I don't understand this way of thinking. My thought is to write it in Python, profile it, and if needed, rewrite the slow parts in C. I can use CuPy to run my code on a GPU, or mpi4py to run it in parallel with MPI. If I get my code working and prove that what I want to do is possible, but still need more performance, then I can write it in C as a last step.

What do you think? Should a young PhD student in HPC really be investing all their time in C and not consider Python as a reasonable solution?

warner25 16 hours ago

I'm an old PhD student. I've seen cases where an easy / naive solution written in Python can be orders-of-magnitude slower than a solution written in C, but I suspect that you're right: that a thoughtful / clever use of Python should be perfectly fine. I've also seen that professors don't know everything, and what they do know can be dated.

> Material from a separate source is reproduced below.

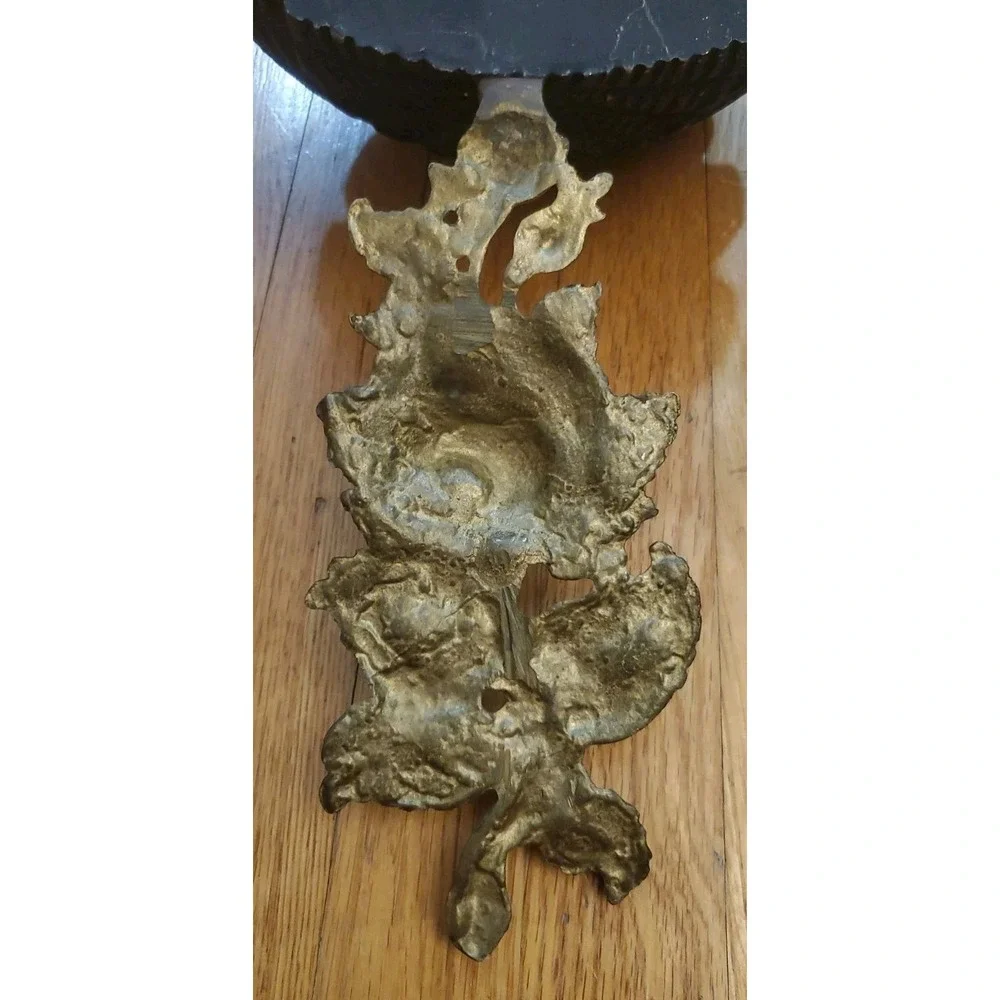 Repurposed Virginia Metalcrafters 2207 Brass Rose Curtain Tie Back Wall Shelves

More importantly, though, I think a young PhD student should not pick a fight with his advisor and committee members or try to prove them wrong. Generally, do what they suggest and give them credit for it, or at least thank them enthusiastically for the suggestions and don't make a big deal about not following them. You're at their mercy for getting the PhD, and it's subjective, and their opinion of you probably matters at least as much as their opinion of your work. This is one the things that I learned from ~15 years of professional work under many different bosses before starting my PhD program, and something that I think many young students still need to learn.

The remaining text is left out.